(ASSIGNMENT):
In the records, each line holding "Manga" must be reported.

Collected data
────────────────────
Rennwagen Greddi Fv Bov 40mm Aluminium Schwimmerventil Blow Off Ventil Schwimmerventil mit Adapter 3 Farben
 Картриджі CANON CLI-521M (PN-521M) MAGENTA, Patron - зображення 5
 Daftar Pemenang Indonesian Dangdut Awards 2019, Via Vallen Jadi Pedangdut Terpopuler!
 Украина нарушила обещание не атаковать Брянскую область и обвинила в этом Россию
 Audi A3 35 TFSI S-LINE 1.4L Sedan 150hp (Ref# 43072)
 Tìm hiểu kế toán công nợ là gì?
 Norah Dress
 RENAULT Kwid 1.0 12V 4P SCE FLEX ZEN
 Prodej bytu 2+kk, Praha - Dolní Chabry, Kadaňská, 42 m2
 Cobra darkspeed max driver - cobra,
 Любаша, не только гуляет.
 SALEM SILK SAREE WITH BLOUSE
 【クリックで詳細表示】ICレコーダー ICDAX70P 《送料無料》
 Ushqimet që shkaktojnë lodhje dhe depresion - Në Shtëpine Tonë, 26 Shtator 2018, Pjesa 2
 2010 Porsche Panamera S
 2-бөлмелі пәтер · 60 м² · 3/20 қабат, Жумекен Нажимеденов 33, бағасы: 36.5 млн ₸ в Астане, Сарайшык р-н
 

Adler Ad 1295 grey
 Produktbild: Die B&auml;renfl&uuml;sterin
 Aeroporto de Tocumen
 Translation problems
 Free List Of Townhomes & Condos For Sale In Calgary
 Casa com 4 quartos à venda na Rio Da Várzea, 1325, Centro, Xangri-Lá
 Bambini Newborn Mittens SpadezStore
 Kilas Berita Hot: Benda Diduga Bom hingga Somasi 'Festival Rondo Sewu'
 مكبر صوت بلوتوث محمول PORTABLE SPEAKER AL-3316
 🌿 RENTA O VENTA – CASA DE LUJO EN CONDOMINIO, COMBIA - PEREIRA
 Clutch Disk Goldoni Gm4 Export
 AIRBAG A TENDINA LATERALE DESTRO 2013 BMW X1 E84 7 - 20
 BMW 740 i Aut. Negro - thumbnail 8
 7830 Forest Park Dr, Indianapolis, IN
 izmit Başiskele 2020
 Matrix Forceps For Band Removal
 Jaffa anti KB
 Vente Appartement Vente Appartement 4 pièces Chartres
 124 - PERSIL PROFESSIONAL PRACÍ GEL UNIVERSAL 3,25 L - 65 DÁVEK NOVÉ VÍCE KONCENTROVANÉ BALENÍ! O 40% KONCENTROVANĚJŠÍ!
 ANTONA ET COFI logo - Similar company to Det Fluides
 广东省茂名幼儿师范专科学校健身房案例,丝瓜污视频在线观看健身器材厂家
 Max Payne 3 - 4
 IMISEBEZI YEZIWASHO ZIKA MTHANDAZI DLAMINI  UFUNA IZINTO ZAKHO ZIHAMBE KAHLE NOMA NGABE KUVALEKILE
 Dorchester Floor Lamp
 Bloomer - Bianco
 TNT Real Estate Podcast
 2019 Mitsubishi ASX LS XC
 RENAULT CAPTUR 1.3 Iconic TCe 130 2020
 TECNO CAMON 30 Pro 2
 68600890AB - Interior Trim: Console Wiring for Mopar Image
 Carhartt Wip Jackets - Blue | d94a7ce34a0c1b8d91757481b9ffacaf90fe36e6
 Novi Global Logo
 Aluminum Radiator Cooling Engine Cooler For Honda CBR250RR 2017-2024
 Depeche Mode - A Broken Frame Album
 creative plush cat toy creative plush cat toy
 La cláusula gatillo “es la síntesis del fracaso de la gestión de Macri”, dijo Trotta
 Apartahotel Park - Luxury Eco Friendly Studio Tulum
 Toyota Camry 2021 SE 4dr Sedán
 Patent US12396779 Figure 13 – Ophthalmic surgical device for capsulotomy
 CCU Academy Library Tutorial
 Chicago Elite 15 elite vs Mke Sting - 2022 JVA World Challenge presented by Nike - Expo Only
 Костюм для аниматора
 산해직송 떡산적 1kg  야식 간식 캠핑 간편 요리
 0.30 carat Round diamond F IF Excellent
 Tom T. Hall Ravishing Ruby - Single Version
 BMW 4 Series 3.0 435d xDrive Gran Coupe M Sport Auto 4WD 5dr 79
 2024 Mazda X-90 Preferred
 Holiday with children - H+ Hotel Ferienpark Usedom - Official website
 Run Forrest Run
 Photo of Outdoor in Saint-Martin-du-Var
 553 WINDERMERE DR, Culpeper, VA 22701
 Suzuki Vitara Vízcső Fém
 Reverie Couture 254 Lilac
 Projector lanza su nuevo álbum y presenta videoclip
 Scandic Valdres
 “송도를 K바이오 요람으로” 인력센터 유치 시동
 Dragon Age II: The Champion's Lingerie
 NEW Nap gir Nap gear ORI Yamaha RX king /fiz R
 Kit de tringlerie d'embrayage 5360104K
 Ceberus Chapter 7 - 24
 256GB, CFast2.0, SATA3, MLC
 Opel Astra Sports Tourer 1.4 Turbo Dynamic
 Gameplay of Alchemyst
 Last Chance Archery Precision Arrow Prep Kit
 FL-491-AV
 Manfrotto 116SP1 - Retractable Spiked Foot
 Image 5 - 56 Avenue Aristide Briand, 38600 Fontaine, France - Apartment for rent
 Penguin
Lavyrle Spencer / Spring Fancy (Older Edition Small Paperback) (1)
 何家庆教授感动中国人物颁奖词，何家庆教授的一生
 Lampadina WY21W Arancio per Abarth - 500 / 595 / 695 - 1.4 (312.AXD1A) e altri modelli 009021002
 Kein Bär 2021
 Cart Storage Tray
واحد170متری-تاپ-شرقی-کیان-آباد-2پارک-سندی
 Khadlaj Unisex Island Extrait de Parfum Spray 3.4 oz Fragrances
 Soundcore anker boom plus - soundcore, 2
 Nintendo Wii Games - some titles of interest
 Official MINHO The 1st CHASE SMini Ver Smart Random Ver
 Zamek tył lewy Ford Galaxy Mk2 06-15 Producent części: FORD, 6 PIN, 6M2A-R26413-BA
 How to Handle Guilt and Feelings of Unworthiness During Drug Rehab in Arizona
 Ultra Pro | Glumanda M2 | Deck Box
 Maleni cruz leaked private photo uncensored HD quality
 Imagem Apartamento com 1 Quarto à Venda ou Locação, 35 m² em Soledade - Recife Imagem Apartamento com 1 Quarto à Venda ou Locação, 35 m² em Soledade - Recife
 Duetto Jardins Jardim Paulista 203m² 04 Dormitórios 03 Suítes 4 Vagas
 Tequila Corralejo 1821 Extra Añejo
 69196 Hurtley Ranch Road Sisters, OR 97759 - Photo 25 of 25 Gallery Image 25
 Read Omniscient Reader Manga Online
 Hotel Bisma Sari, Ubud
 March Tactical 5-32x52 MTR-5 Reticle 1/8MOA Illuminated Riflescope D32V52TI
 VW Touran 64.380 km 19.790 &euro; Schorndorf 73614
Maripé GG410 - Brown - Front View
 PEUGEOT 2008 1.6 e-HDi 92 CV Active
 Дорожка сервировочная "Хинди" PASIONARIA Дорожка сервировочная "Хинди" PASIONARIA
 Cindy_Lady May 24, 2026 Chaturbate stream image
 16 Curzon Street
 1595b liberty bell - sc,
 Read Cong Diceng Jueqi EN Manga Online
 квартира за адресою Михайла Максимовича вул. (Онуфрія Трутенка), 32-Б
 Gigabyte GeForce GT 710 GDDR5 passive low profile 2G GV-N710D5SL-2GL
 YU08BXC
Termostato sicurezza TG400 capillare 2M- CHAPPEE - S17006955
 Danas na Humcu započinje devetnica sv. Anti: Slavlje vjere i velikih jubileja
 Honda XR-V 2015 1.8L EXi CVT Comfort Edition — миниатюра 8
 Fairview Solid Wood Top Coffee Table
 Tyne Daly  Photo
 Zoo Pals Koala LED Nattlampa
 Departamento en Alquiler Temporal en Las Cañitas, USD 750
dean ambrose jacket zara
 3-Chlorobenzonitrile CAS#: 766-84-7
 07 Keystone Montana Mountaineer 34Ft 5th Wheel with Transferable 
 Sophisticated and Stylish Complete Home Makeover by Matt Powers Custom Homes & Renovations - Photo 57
────────────────────
(EXERCISE ANSWER):
 Read Omniscient Reader Manga Online
 Read Cong Diceng Jueqi EN Manga Online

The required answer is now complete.